---
tags:
- Pixelcopter-PLE-v0
- reinforce
- reinforcement-learning
- custom-implementation
- deep-rl-class
model-index:
- name: Reinforce-PixelCopter
  results:
  - task:
      type: reinforcement-learning
      name: reinforcement-learning
    dataset:
      name: Pixelcopter-PLE-v0
      type: Pixelcopter-PLE-v0
    metrics:
        - type: mean_reward
          value: 58.13 +/- 55.17
          name: mean_reward
          verified: false
---

# 🚁 Reinforce Agent — Pixelcopter-PLE-v0

A policy gradient agent trained from scratch using the **REINFORCE** algorithm to play [Pixelcopter](https://pygame-learning-environment.readthedocs.io/en/latest/user/games/pixelcopter.html), a challenging continuous control game built on the PyGame Learning Environment (PLE).

---

## 📊 Performance

| Metric | Value |
|--------|-------|
| Mean Reward | 58.13 |
| Std of Reward | ±55.17 |
| Best Average Score | 80.65 (Episode 46000) |
| Evaluation Episodes | 10 |
| Training Episodes | 50,000 |

---

## 🧠 Algorithm — REINFORCE (Monte Carlo Policy Gradient)

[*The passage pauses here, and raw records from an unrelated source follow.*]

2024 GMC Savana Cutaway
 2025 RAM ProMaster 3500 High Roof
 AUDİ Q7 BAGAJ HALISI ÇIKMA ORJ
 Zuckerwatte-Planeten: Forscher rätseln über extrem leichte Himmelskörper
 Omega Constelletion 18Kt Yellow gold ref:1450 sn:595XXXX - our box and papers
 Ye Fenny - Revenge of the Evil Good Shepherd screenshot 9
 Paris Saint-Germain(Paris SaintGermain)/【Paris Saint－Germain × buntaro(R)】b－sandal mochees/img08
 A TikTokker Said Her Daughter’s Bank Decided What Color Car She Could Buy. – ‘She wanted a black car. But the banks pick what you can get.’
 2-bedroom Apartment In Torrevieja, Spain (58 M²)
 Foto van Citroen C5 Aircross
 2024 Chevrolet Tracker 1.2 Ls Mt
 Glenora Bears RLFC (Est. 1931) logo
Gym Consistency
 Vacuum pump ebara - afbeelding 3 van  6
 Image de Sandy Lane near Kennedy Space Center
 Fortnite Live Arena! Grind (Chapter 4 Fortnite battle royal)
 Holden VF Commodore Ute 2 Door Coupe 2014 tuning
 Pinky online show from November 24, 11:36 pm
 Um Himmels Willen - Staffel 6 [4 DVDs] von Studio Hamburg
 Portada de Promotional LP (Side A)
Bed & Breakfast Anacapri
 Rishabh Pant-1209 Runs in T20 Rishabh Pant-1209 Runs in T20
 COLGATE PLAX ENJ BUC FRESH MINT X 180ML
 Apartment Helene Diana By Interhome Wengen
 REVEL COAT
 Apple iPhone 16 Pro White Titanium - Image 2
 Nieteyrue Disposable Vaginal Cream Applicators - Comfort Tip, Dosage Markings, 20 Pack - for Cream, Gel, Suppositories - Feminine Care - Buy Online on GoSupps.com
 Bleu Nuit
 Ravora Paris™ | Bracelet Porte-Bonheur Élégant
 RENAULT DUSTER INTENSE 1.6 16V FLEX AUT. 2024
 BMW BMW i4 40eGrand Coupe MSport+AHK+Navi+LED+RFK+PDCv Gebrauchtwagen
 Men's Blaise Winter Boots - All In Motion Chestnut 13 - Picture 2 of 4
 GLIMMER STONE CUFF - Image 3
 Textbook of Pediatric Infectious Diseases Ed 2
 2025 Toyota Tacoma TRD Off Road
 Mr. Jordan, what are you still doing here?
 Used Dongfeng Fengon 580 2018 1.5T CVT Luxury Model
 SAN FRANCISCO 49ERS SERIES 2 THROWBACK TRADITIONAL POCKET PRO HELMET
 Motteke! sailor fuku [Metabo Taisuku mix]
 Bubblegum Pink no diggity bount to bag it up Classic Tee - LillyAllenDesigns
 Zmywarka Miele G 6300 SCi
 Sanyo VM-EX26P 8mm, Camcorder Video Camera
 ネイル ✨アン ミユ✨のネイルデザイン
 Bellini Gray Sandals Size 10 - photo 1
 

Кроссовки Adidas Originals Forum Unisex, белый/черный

REINFORCE is a classic **policy gradient** method that directly optimizes the policy by:
1. Rolling out full episodes using the current policy
2. Computing discounted returns **Gₜ = rₜ₊₁ + γrₜ₊₂ + γ²rₜ₊₃ + ...** for each timestep  
3. Updating the policy by maximizing **E[ log π_θ(a|s) · Gₜ ]**

The policy network is a simple feedforward neural network:
- **Input:** State observation vector
- **Hidden layer:** Fully connected + ReLU activation
- **Output:** Action probabilities via Softmax

---

## ⚙️ Hyperparameters

| Parameter | Value |
|-----------|-------|
| Hidden layer size | 64 |
| Training episodes | 50,000 |
| Max steps per episode | 10,000 |
| Discount factor (γ) | 0.99 |
| Learning rate | 1e-4 |
| Optimizer | Adam |

---

## 🎮 About the Environment

**Pixelcopter-PLE-v0** is a side-scrolling game where the agent controls a helicopter and must navigate through gaps in walls without crashing. 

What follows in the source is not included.